EXERCISE DIRECTIONS.
The data below should be transcribed in full, with no picture included.

AVAILABLE DATA.

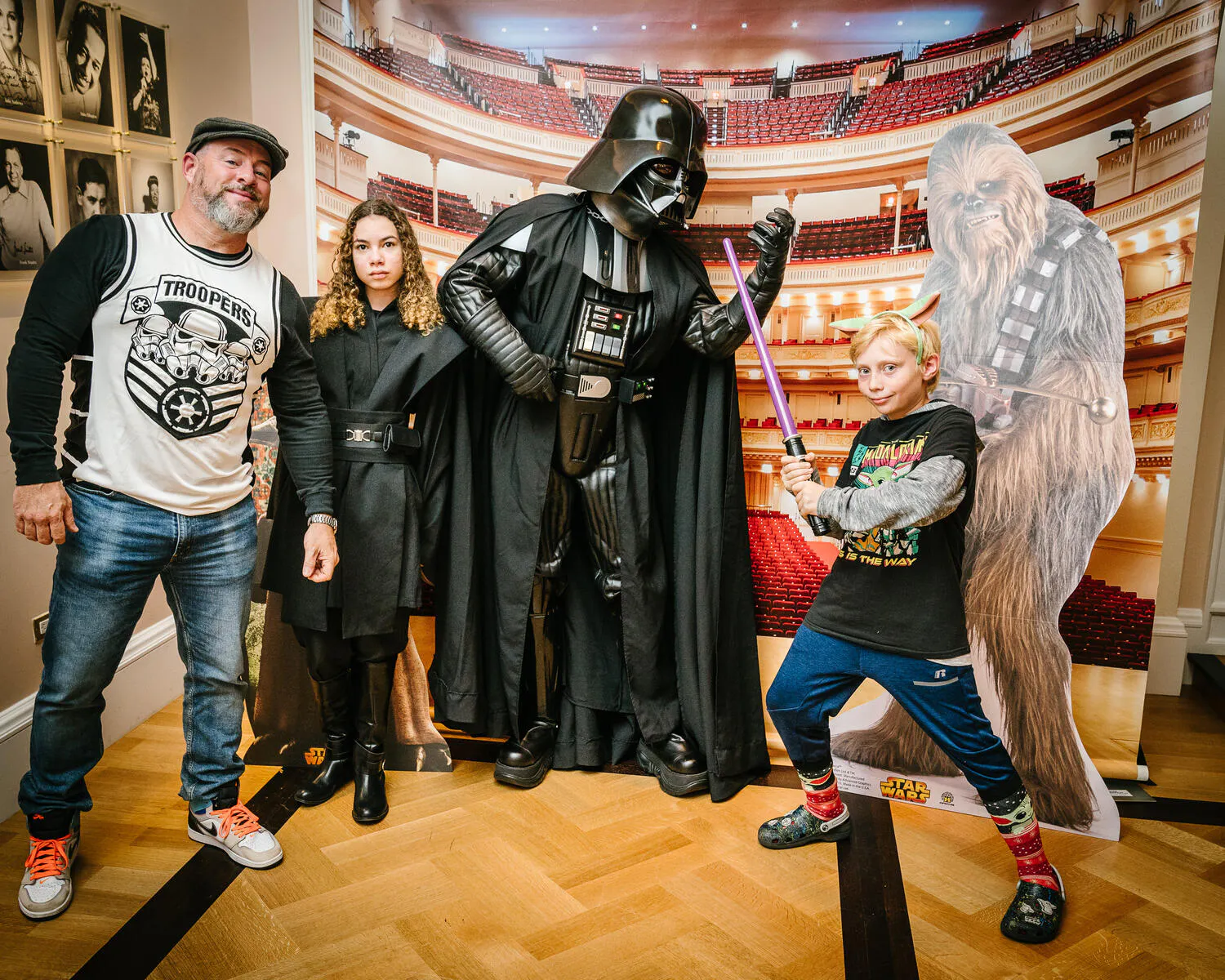 People posing in Star Wars costumes against a backdrop of Carnegie Hall.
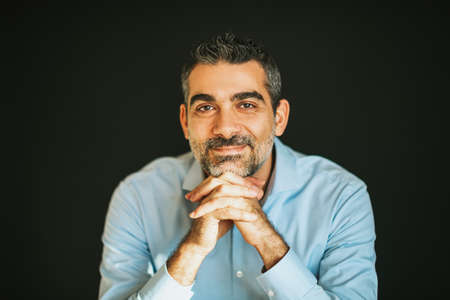 Portrait of handsome man wearing blue shirt, leaning on hands, posing on black background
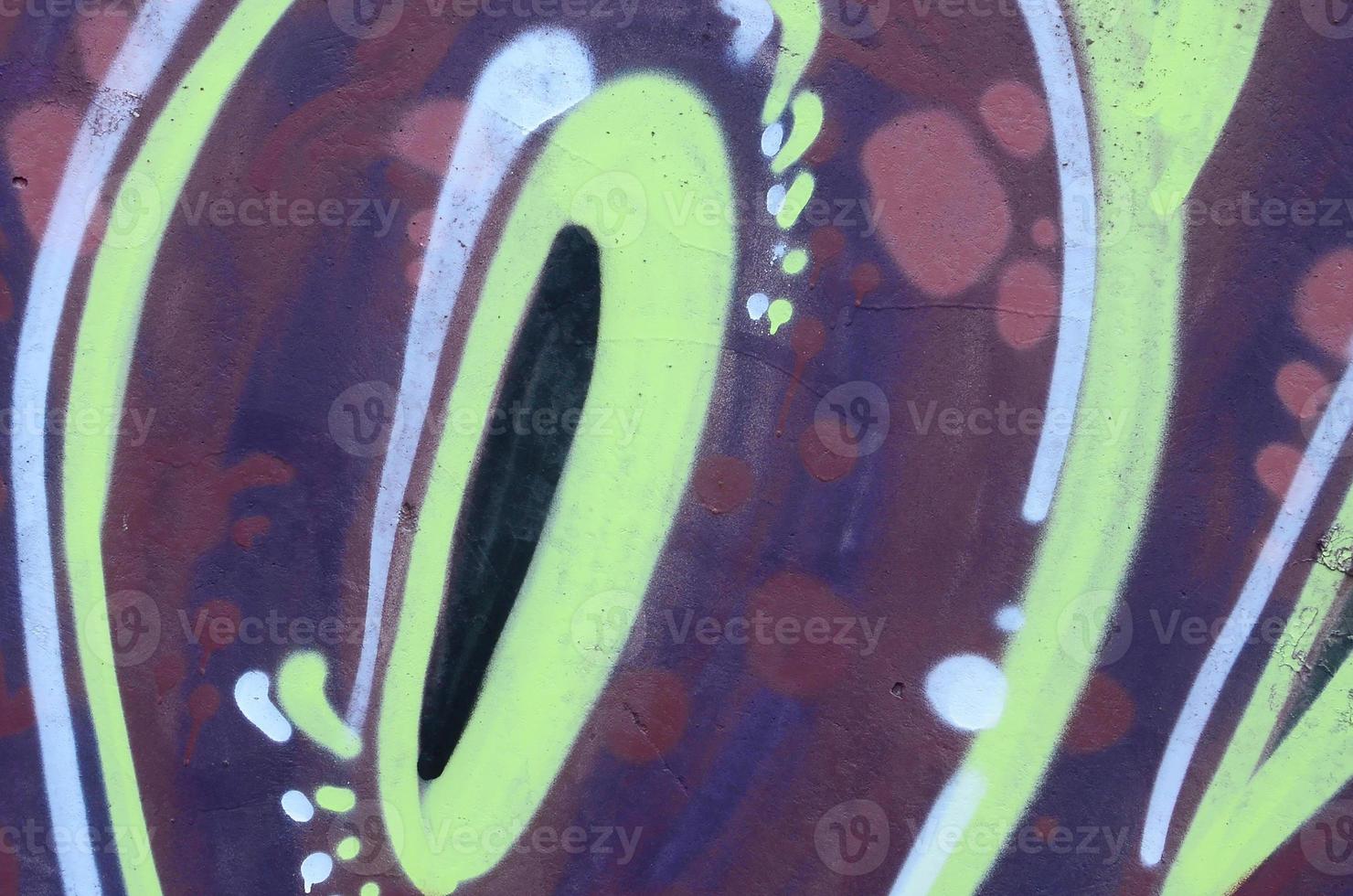 Fragment of graffiti drawings. The old wall decorated with paint stains in the style of street art culture. Colored background texture photo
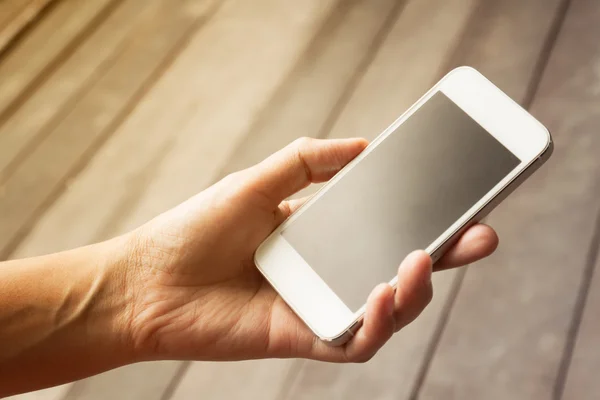 Woman using mobile smart phone,in vintage style — Stock Photo, Image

ANSWER SECTION.
 People posing in Star Wars costumes against a backdrop of Carnegie Hall.
 Portrait of handsome man wearing blue shirt, leaning on hands, posing on black background
 Fragment of graffiti drawings. The old wall decorated with paint stains in the style of street art culture. Colored background texture photo
 Woman using mobile smart phone,in vintage style — Stock Photo, Image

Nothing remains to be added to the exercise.